When comparing two of Canada’s banking giants—Bank of Montreal (TSX:BMO) and National Bank of Canada (TSX:NA)—investors have plenty to weigh. With both institutions recently releasing their first-quarter 2025 earnings, their latest performance and future outlook are now clearer. But which one stands out as the better investment right now? Let’s break it down.
Earnings Performance
BMO posted a strong net income of $2.14 billion for the quarter ending January 31, 2025, a significant jump from $1.29 billion in the same period last year. This equates to earnings per share (EPS) of $2.83, up from $1.73 year over year. On an adjusted basis, which excludes certain one-time items, net income reached $2.29 billion, with adjusted EPS rising to $3.04 from $2.56.
National Bank also delivered solid results, reporting a net income of $997 million for the quarter, an 8% increase from $922 million the previous year. Diluted EPS came in at $2.78, up from $2.59, while adjusted net income climbed to $1.05 billion, with adjusted EPS increasing 13% to $2.93.
Business Growth
BMO’s quarterly revenue surged 21% year over year to $9.27 billion, fueled by higher net interest income and non-interest revenue across all segments. Strong performances from BMO Capital Markets and BMO Wealth Management were key contributors.
National Bank also experienced notable growth, with revenue reaching $3.18 billion, up from $2.71 billion a year ago. Its Wealth Management division stood out, posting net income of $242 million—a 23% increase. Additionally, the Financial Markets segment saw net income jump 35% to $417 million.
Risk Management
Both banks are taking a cautious approach by setting aside reserves for potential loan defaults. BMO’s provisions for credit losses (PCL) climbed to $1.01 billion, up from $627 million the previous year. Meanwhile, National Bank’s PCL rose to $254 million from $120 million year over year.
Return on equity (ROE), a key measure of profitability, also showed divergence. BMO’s ROE improved to 10.6% from 7.2% last year, with an adjusted ROE of 11.3%. National Bank, while slightly down from 17.1% last year, still delivered a strong ROE of 16.7%, signaling continued efficiency.
Valuation and Dividends
For income-focused investors, dividends are an important consideration. BMO maintained its quarterly dividend at $1.59 per share, translating to an annual payout of $6.36. National Bank declared a dividend of $1.14 per share, ensuring both stocks provide steady income potential.
From a valuation standpoint, BMO’s market capitalization stood at approximately $108.41 billion at the time of writing, with a trailing price-to-earnings (P/E) ratio of 13.90. National Bank, with a market cap of $47.06 billion, trades at a lower P/E ratio of 10.91, which could appeal to value-conscious investors.
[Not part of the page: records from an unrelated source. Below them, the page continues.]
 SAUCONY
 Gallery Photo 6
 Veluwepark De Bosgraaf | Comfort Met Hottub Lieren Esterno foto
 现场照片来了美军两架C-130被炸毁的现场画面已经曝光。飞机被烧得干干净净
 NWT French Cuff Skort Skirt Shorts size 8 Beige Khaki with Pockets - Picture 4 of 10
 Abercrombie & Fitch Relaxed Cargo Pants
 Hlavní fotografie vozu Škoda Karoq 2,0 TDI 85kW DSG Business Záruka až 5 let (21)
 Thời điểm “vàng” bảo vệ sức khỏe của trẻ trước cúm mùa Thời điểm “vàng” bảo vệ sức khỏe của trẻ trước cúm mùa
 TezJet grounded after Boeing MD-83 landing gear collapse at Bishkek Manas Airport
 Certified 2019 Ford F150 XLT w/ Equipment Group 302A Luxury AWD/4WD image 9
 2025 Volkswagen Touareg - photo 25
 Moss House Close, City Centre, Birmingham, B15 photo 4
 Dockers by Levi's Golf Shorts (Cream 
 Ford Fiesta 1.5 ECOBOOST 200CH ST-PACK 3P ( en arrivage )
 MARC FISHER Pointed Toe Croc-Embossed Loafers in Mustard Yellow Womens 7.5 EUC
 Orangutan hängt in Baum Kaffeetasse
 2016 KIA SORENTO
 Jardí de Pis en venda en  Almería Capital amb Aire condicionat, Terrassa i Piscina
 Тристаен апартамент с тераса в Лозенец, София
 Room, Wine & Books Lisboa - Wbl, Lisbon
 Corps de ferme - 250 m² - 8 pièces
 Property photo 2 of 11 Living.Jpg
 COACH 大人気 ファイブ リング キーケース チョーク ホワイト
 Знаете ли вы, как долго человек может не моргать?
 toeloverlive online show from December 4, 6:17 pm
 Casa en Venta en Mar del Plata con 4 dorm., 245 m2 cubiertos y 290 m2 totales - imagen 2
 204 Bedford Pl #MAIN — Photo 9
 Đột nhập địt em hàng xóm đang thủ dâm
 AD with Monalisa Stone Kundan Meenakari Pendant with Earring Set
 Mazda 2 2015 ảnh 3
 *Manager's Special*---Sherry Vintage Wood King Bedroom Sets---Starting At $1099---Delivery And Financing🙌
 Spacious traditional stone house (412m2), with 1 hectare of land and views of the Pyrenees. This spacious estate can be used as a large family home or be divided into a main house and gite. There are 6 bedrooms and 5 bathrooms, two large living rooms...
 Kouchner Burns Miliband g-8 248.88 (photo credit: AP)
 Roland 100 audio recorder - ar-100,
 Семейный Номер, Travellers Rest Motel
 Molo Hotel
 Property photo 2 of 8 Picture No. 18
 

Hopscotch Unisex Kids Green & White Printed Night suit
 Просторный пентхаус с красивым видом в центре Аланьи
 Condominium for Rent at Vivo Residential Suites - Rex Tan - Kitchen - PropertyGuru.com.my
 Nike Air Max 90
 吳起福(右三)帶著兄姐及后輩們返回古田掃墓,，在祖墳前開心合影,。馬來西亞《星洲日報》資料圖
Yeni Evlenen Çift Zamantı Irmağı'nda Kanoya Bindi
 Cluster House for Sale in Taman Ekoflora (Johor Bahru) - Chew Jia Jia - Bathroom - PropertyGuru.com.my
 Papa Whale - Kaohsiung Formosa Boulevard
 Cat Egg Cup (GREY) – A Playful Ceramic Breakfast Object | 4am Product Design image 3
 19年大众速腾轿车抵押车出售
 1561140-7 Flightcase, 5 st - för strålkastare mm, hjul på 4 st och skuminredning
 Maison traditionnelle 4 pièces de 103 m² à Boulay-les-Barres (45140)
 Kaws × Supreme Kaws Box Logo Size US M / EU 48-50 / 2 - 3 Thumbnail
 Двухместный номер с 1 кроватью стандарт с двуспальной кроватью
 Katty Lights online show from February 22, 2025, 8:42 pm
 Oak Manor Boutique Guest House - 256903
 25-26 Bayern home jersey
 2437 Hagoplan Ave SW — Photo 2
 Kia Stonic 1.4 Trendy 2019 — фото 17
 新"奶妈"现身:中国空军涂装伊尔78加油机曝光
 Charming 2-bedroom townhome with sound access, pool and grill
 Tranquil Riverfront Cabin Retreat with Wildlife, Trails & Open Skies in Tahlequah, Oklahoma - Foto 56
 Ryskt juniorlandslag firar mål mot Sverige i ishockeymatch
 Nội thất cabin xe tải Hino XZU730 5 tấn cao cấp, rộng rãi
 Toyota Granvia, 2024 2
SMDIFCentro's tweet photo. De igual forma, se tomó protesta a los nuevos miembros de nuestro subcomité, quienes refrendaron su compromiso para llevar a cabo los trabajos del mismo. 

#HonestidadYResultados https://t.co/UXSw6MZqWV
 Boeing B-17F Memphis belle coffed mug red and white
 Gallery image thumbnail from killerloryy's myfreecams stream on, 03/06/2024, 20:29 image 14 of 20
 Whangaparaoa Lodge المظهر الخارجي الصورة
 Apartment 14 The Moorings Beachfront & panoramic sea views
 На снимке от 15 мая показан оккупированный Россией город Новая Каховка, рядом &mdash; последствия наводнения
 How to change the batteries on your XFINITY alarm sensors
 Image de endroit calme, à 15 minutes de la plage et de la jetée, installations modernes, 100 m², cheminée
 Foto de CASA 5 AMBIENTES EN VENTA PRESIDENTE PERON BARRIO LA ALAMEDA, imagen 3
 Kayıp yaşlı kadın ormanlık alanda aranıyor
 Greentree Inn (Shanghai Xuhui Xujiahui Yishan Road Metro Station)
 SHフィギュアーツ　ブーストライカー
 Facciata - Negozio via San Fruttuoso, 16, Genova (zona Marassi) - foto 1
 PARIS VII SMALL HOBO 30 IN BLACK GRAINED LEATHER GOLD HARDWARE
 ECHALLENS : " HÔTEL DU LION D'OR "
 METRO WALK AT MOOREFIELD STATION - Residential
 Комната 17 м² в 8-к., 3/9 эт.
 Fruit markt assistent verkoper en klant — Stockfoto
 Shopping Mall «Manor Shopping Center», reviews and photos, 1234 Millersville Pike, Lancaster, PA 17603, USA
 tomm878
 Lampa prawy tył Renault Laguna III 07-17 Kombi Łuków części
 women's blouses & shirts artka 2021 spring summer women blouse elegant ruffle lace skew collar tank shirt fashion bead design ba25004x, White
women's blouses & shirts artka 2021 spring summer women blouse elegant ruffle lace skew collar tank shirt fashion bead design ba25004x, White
Additionally, National Bank’s recent acquisition of Canadian Western Bank strengthens its expansion efforts nationwide. Meanwhile, BMO continues to grow its presence in both Canadian and U.S. markets, leveraging its diverse business model to sustain growth.
The Verdict
Both BMO and National Bank delivered impressive first-quarter results. BMO’s higher earnings and larger market presence reflect its broad operational scope, while National Bank’s strong ROE and lower valuation suggest efficiency and potential upside. Moreover, its recent acquisition could drive further growth. Ultimately, investors should consider their own strategies and risk tolerance when choosing between these two well-positioned bank stocks. Either way, both remain solid investment options on the TSX today.